START MATERIAL FOR THIS TASK

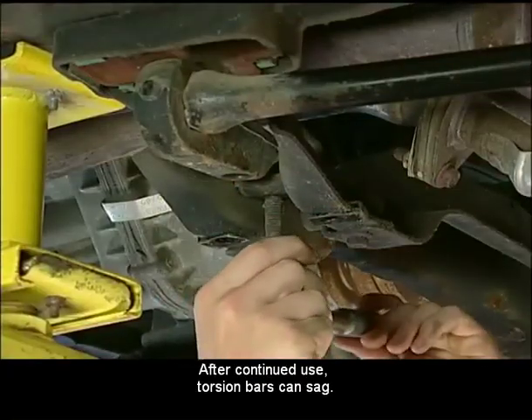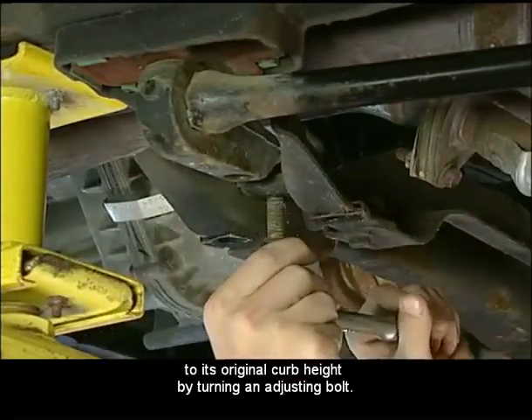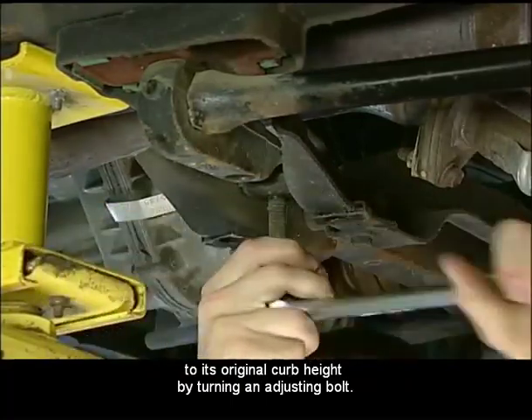After continued use, torsion bars can sag. On many trucks, an adjustment can be made to bring the vehicle to its original curb height by turning an adjusting bolt.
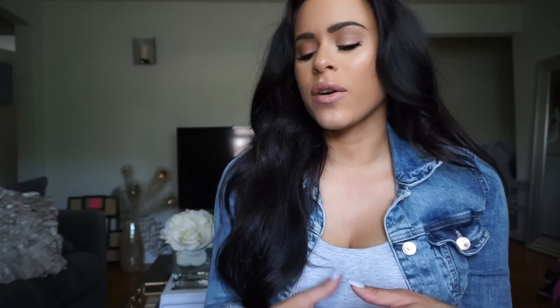Hi guys, welcome back to my channel. Today's video is a little bit more casual. I am having some technical difficulties with my lights and I still wanted to get some videos up for you guys, so I decided to just film it this way. This shouldn't be too long of a video anyway, so I'm gonna get started.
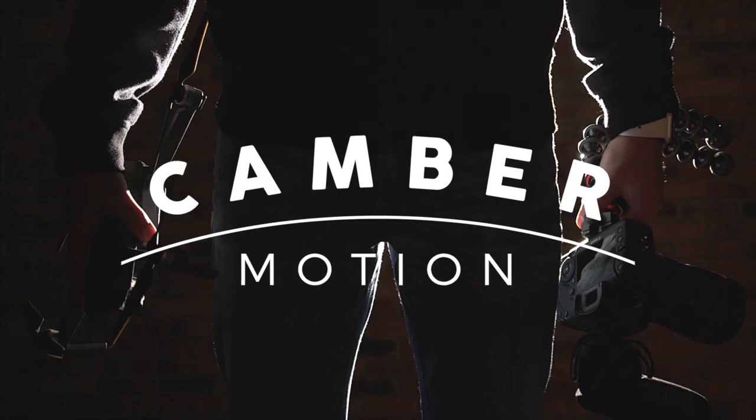Let's talk about how to use the custom white balance setting for your Canon camera. Hey everyone, I'm back with you and today we're talking about how to set up your Canon DSLR for custom white balance. If you're new here, this channel is all about teaching you how to use your camera to make good videos, so consider subscribing.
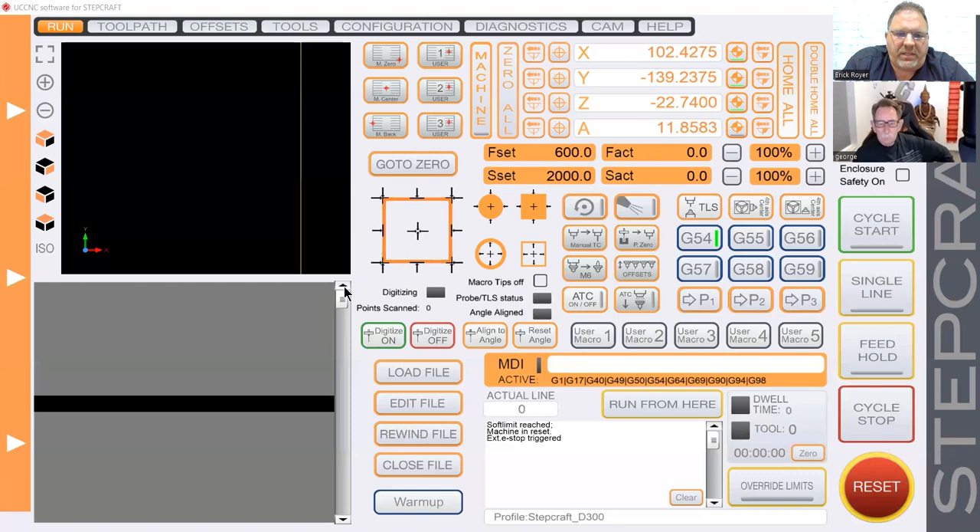There are a couple of custom sections we've added specifically for our machines. This section with the graphics and the little square with arrows — we have a 3D digitizing or 3D touch probe for our machines, and all of these buttons are used for that probe. If you have a 3D touch probe and you want to find the center of a circle, you can simply touch this button and it'll prompt you what to do next. You can also use it to digitally scan an object, like your mouse, and set a 3D profile scan.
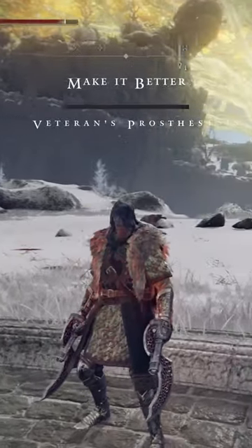Welcome back to the Make It Better series, the series where we take one weapon from Elden Ring and we stack it out to make it the best it could possibly be. Let me know what you guys think down in the comments, and today we are looking at the Veteran's Prosthesis.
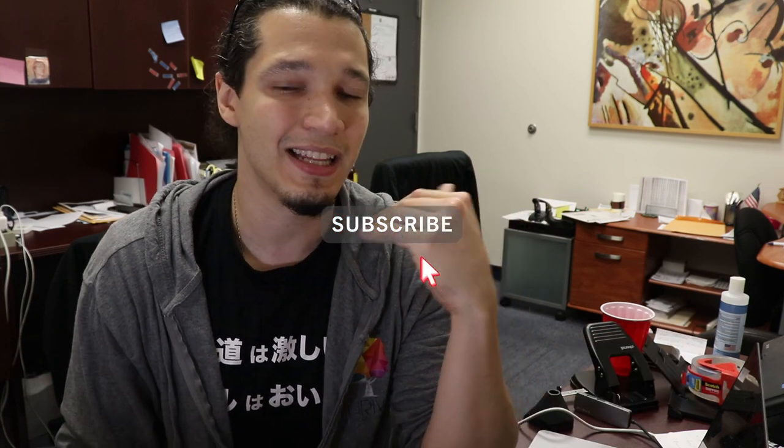Before I keep going, I want to ask you please — if you enjoyed this video, consider subscribing and hitting the like button. That will help my channel grow and I'll be really, really grateful.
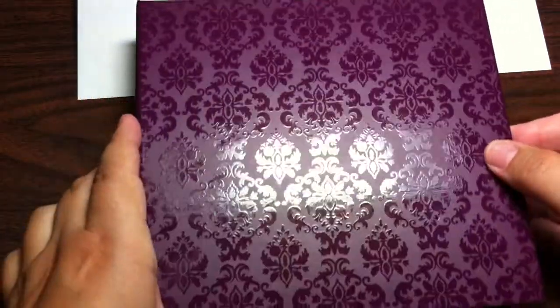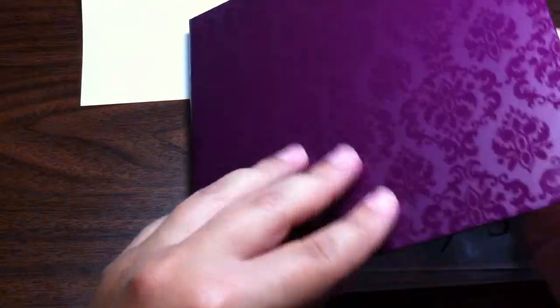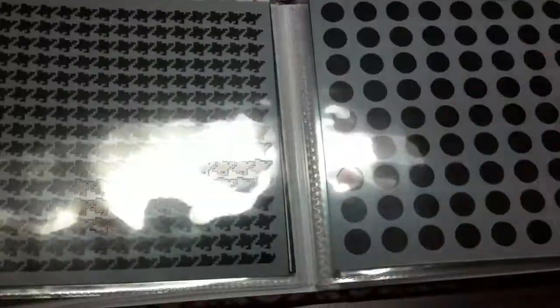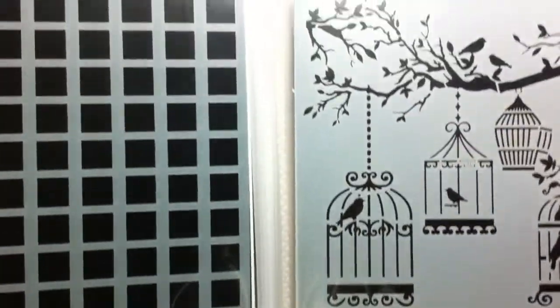Here I have a Quick Pics album which is six by six, in a purple color with some sort of damask-like embossing. Inside I have my Crafter's Workshop stencils, and again these are six by six. They store quite nicely in here. If I go to a page, I can store up to 16 at a time.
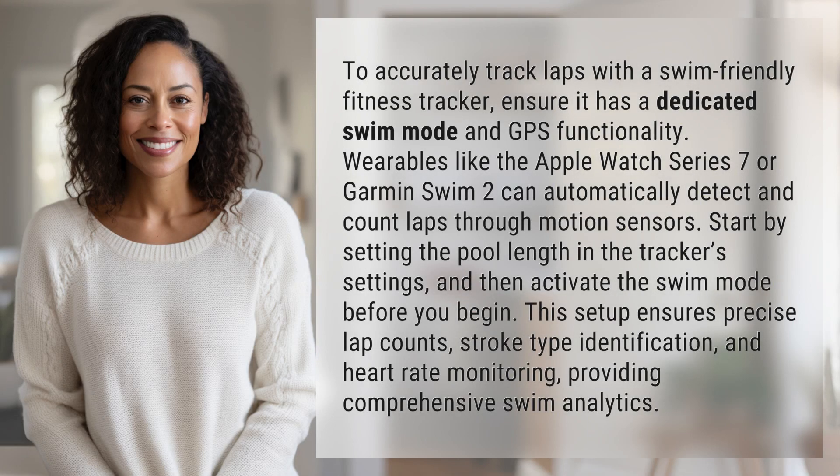To accurately track laps with a swim-friendly fitness tracker, ensure it has a dedicated swim mode and GPS functionality. Wearables like the Apple Watch Series 7 or Garmin Swim 2 can automatically detect and count laps through motion sensors. Start by setting the pool length in the tracker settings and then activate the swim mode before you begin.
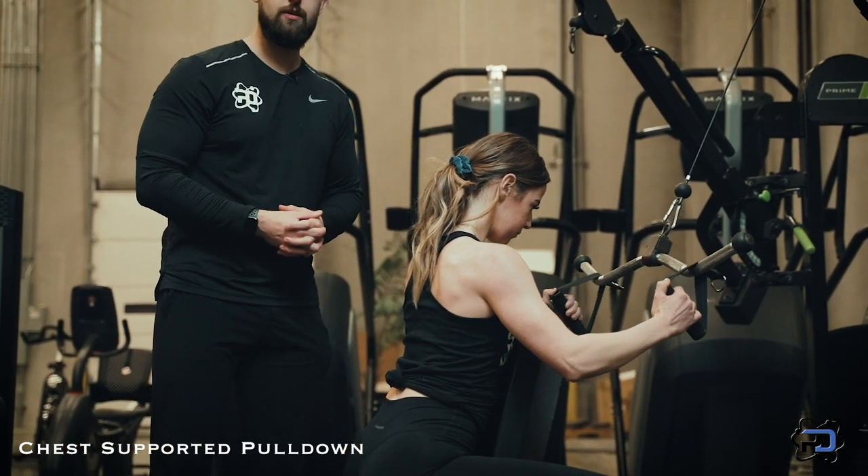That will conclude the chest supported lat pulldown. Thank you so much for watching. If you'd like to work with a Physique Development coach one-on-one, apply at PhysiqueDevelopment.com.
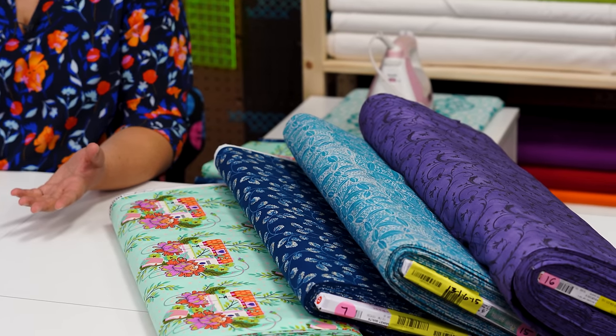Our first question comes from Christine in Utah. She says: when you talk about how much backing you'll need for a quilt and you say something like 5.5 yards, how do I actually piece that together for my backing? Typically when we suggest a yardage amount on a pattern we're talking about 45-inch wide fabric — your standard quilter's cotton that you buy by the yard on the bolt, what you would buy for borders, backing, binding. It's 45 inches wide.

END MATERIAL FOR THIS TASK

§ **TASK GOAL**:
Leave the pictures out. Repeat every entry above exactly.

§ **RESPONSE TO THIS EXERCISE**:
After continued use, torsion bars can sag. On many trucks, an adjustment can be made to bring the vehicle to its original curb height by turning an adjusting bolt.
Hi guys, welcome back to my channel. Today's video is a little bit more casual. I am having some technical difficulties with my lights and I still wanted to get some videos up for you guys, so I decided to just film it this way. This shouldn't be too long of a video anyway, so I'm gonna get started.
Let's talk about how to use the custom white balance setting for your Canon camera. Hey everyone, I'm back with you and today we're talking about how to set up your Canon DSLR for custom white balance. If you're new here, this channel is all about teaching you how to use your camera to make good videos, so consider subscribing.
There are a couple of custom sections we've added specifically for our machines. This section with the graphics and the little square with arrows — we have a 3D digitizing or 3D touch probe for our machines, and all of these buttons are used for that probe. If you have a 3D touch probe and you want to find the center of a circle, you can simply touch this button and it'll prompt you what to do next. You can also use it to digitally scan an object, like your mouse, and set a 3D profile scan.
Welcome back to the Make It Better series, the series where we take one weapon from Elden Ring and we stack it out to make it the best it could possibly be. Let me know what you guys think down in the comments, and today we are looking at the Veteran's Prosthesis.
Before I keep going, I want to ask you please — if you enjoyed this video, consider subscribing and hitting the like button. That will help my channel grow and I'll be really, really grateful.
Here I have a Quick Pics album which is six by six, in a purple color with some sort of damask-like embossing. Inside I have my Crafter's Workshop stencils, and again these are six by six. They store quite nicely in here. If I go to a page, I can store up to 16 at a time.
To accurately track laps with a swim-friendly fitness tracker, ensure it has a dedicated swim mode and GPS functionality. Wearables like the Apple Watch Series 7 or Garmin Swim 2 can automatically detect and count laps through motion sensors. Start by setting the pool length in the tracker settings and then activate the swim mode before you begin.
That will conclude the chest supported lat pulldown. Thank you so much for watching. If you'd like to work with a Physique Development coach one-on-one, apply at PhysiqueDevelopment.com.
Our first question comes from Christine in Utah. She says: when you talk about how much backing you'll need for a quilt and you say something like 5.5 yards, how do I actually piece that together for my backing? Typically when we suggest a yardage amount on a pattern we're talking about 45-inch wide fabric — your standard quilter's cotton that you buy by the yard on the bolt, what you would buy for borders, backing, binding. It's 45 inches wide.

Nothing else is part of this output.